(Source information begins)
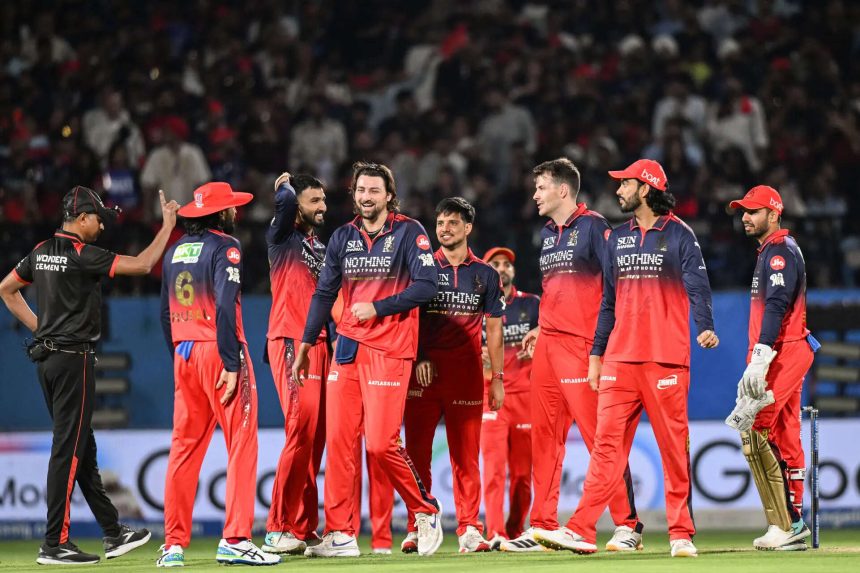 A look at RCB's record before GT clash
(Source information ends)
(Source information begins)
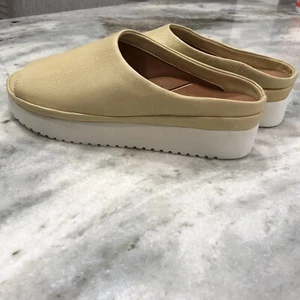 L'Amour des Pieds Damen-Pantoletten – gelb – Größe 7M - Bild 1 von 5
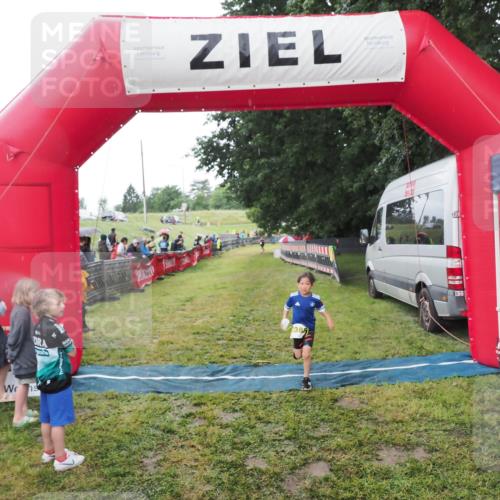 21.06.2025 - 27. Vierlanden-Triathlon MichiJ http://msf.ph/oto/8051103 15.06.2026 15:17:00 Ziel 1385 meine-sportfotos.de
(Source information ends)
▶ _Exercise description_
Lines wanted from the entries above: the one with "L'Amour des Pieds", the one with "21.06.2025 - 27.", and all lines between. Please copy them exactly, without the pictures and without anything else.

▶ _Response to the exercise_
 L'Amour des Pieds Damen-Pantoletten – gelb – Größe 7M - Bild 1 von 5
 21.06.2025 - 27. Vierlanden-Triathlon MichiJ http://msf.ph/oto/8051103 15.06.2026 15:17:00 Ziel 1385 meine-sportfotos.de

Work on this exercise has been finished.